Fritz the polar bear
A handout picture of the polar bear cub in his enclosure after its first examination in Berlin Tierpark Berlin/Handout via Reuters

A polar bear cub born in November at the Tierpark Zoo in east Berlin was finally given a name following a public consultation.

Local media had launched a competition that saw more than 10,000 suggestions being submitted from all over the world.

Popular consultations to decide names can be a tricky business, as the British Natural Environment Research Council (NERC) found out last year when it invited people submit names for their state-of-the-art polar research vessel and the public's favourite ended up being Boaty McBoatface.

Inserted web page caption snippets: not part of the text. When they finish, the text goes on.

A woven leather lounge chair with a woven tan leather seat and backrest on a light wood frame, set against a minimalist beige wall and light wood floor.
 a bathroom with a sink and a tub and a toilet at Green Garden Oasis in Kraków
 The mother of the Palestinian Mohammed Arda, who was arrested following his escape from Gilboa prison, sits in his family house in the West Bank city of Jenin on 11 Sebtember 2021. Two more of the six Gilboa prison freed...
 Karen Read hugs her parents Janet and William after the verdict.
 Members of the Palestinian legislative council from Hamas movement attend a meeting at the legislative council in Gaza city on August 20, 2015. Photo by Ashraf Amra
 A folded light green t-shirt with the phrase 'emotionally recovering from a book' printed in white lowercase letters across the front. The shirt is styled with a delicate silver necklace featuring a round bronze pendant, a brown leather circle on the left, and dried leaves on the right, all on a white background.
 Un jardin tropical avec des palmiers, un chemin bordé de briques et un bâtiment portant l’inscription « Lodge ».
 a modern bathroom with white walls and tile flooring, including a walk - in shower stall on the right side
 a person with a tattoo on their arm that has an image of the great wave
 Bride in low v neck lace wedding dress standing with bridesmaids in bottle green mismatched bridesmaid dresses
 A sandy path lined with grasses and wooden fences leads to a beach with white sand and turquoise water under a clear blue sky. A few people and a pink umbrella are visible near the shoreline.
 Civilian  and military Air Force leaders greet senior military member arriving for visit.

The shortlist of the public's favourite names for the cub included Mischa, Leo, Alex and Max, but the 7-member jury eventually picked Fritz, a shortened form of Friedrich, the German equivalent for "Fred" or "Freddy".

Echoing the Friedrichsfelde area where the zoo is located, the name choice was welcomed by the zoo officials. "I am very happy with the choice of the name – it's a short and cute name that foreign visitors will remember easily," said the zoo's director Andreas Knieriem in a statement.

The birth of the fluffy cub was a first for the Tierpark zoo in Berlin, which rivals the perhaps better known Berlin Zoological Garden in the west side of the city. The zoological gardens had celebrated the birth of polar bear Knut in 2006, and the hugely popular animal became the first polar bear cub to survive past infancy at the zoo in over three decades.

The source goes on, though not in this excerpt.